> [Given records]:
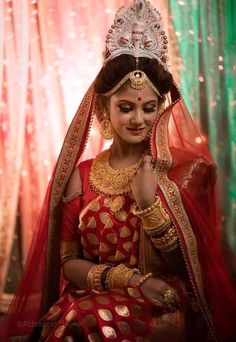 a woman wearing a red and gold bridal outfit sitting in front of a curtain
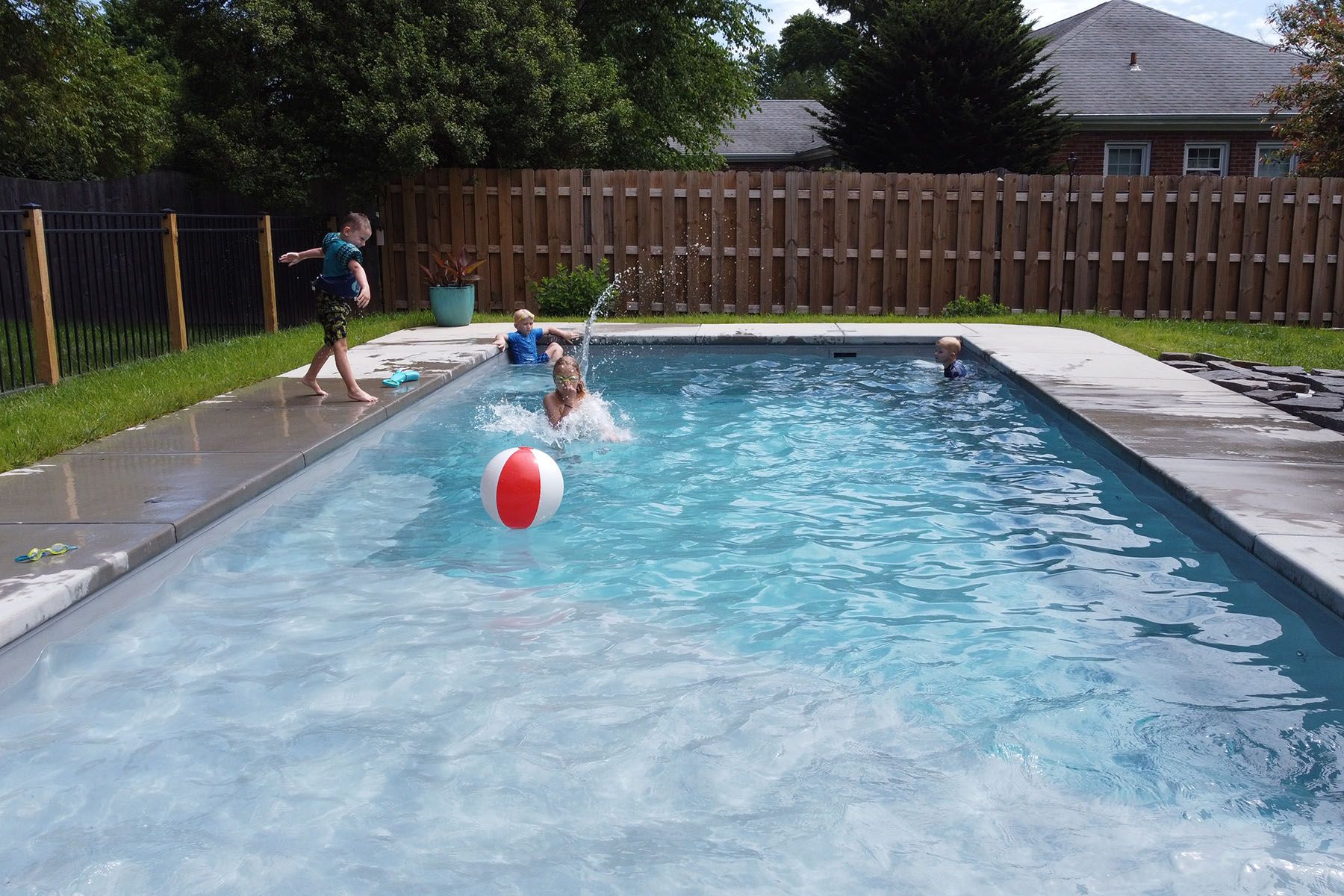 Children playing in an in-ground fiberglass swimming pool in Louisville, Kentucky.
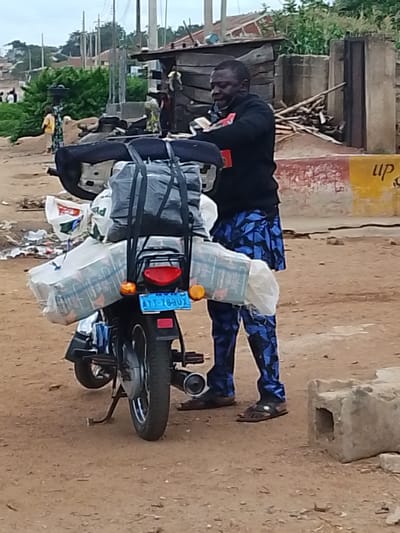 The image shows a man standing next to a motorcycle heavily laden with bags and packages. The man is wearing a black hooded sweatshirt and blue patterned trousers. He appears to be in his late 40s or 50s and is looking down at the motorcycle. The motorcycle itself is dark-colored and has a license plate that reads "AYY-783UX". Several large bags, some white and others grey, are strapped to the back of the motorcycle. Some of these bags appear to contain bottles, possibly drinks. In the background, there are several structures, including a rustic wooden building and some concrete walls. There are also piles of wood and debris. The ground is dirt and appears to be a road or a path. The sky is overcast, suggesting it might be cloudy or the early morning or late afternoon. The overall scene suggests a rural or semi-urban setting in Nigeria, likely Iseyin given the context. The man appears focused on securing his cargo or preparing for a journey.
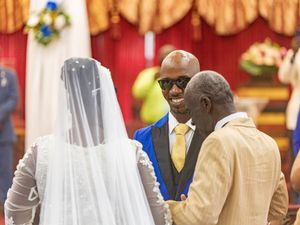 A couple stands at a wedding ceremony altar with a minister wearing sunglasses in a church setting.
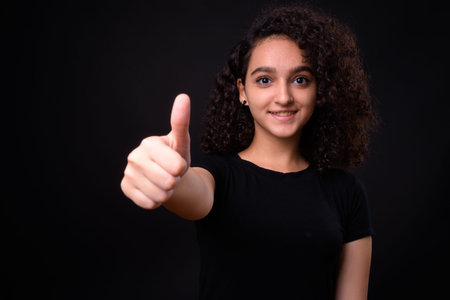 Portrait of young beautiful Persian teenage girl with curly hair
==
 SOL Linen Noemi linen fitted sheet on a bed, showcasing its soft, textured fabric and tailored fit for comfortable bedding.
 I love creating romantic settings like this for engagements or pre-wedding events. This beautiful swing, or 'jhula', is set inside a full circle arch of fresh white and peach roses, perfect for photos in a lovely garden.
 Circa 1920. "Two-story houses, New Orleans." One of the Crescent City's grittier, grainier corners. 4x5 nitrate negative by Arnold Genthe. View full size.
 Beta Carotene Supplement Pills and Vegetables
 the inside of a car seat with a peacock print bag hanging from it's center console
---
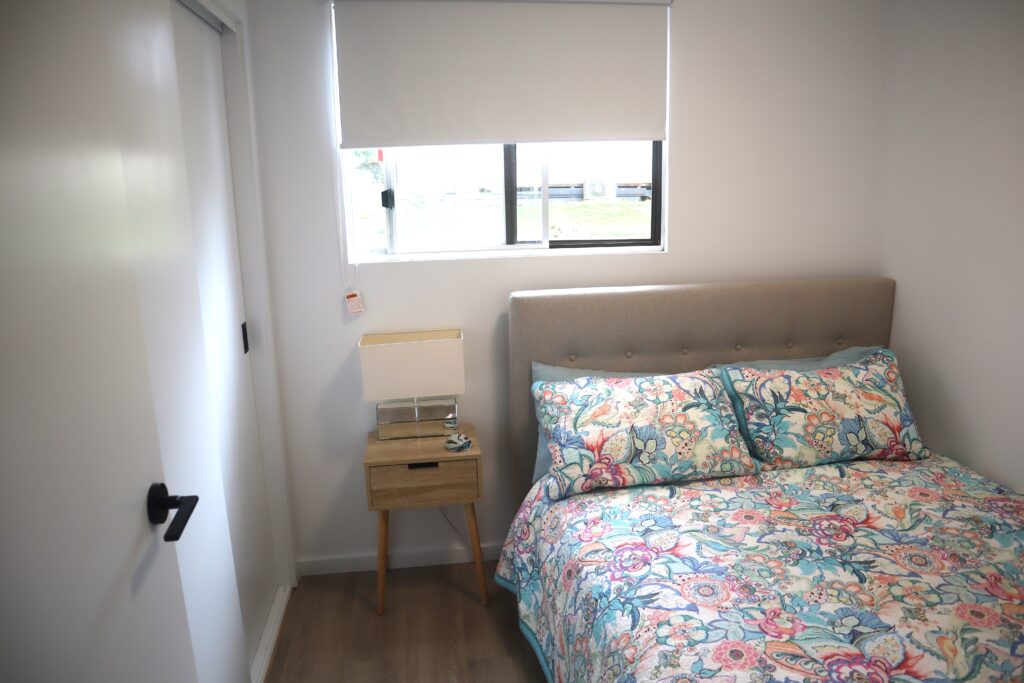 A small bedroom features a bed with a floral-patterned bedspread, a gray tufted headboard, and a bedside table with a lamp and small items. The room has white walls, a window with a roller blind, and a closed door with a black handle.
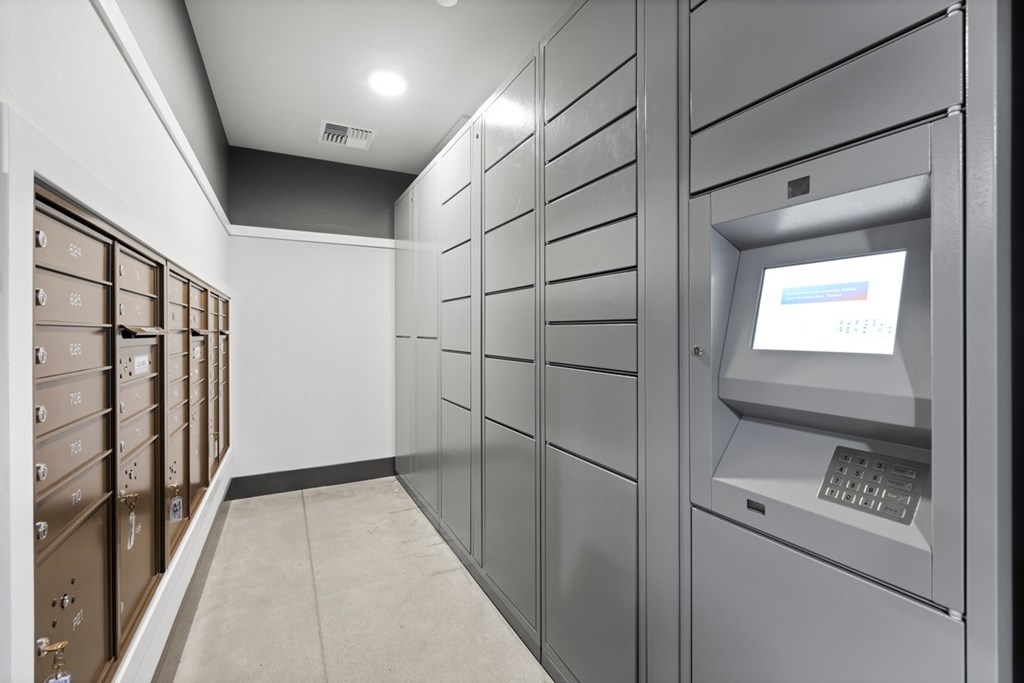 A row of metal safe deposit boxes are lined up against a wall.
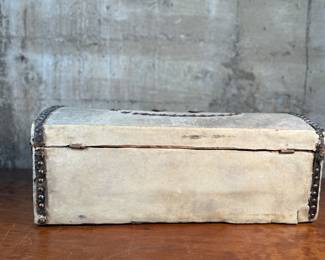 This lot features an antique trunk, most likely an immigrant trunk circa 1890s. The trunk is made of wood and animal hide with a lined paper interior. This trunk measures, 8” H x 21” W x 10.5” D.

> [What needs to be done]:
Using the data above, set down each line from the line with "A couple stands" to the line with "Portrait of young" exactly, both ends included, and leave the pictures behind. Nothing else belongs.

> [Exercise answer]:
 A couple stands at a wedding ceremony altar with a minister wearing sunglasses in a church setting.
 Portrait of young beautiful Persian teenage girl with curly hair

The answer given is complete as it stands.